In more recent decades, the Lenin Enrollment has been alternatively viewed as an authentic policy response to concern of party leaders about the attenuation of the working class within the Communist Party and a palliative averting the potential of worker unrest. A focused effort was made to reverse this trend toward deproletarianization, it is argued, perhaps with the secondary intention of cementing the party's place in the factories to bolster labor discipline and increase industrial productivity.

In tandem with the "re-proletarianization" effort, it is noted, came an increased emphasis on promotion of workers "from the bench" to positions of factory administration. While this emphasis placed politically reliable individuals in management positions, it had the direct effect of reducing the percentage of workers at the bench in the party by making party membership a direct conduit to management. This phenomenon was substantial, with the party general census of January 1927 revealing that slightly over 300,000 Communist Party members who had joined the organization as workers had later moved to other jobs, typically as white-collar workers or factory administrators.

Historian Sheila Fitzpatrick has made the case that this "second and partially contradictory objective," training workers from the bench into reliable Communist cadres and promoting them into roles in industrial management, was actually judged the more "urgent and important" need by the party. She writes that "faced with the choice between having more Communist workers in the factories and more Communist former workers in the apparatus, the party firmly opted for the latter."

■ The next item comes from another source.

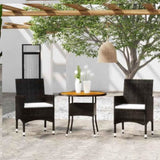 Garden Bistro Set Black Poly rattan Medium Removable Covers 3095908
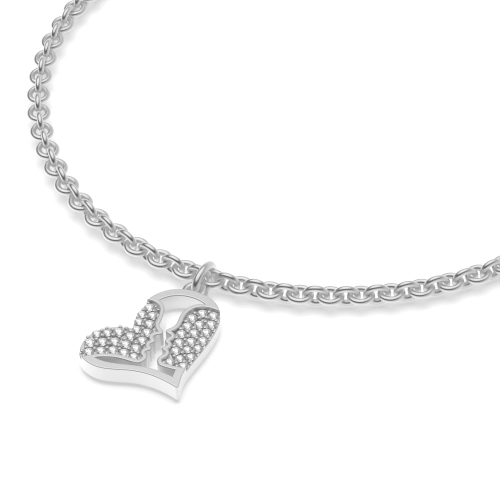 Pave Setting Round Silver Angel charm Diamond Bracelets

This is not to say that the Lenin Enrollment was devoid of factional functionality. The new crop of worker-communists was indisputably used as a cudgel in the factional battle between the party majority and its Left opposition in the field of higher education, for example, historically a bulwark of the Left's support. Purge commissions were established in 1924 in an effort to remove "social aliens" from universities and higher party schools, filling the positions vacated with less idealistic and more reliable students with proletarian rather than intelligentsia bona fides.

Siegelbaum provided a more nuanced summary of this re-proletarianization campaign of the Communist Party in 1992:

"Taken together, these policies indicate that at the height of NEP a momentous change was occurring within the party and in its relation to the industrial working class. Seeking to overcome the breach between the party and its putative social base, the party elite coopted what it identified as influential and potentially reliable strata of industrial workers.... [These] could be defined as 'agents' in two senses of the word: social activists whose infusion of proletarian blood could revivify the party, and faithful instruments who could structure the aspirations of their fellow but more 'backward' workers into officially sanctioned channels.

"This was the authentic origin of the historic bloc that consisted of the Stalinist secretarial leadership of the party and primarily young, male, and ethnically Russian industrial workers."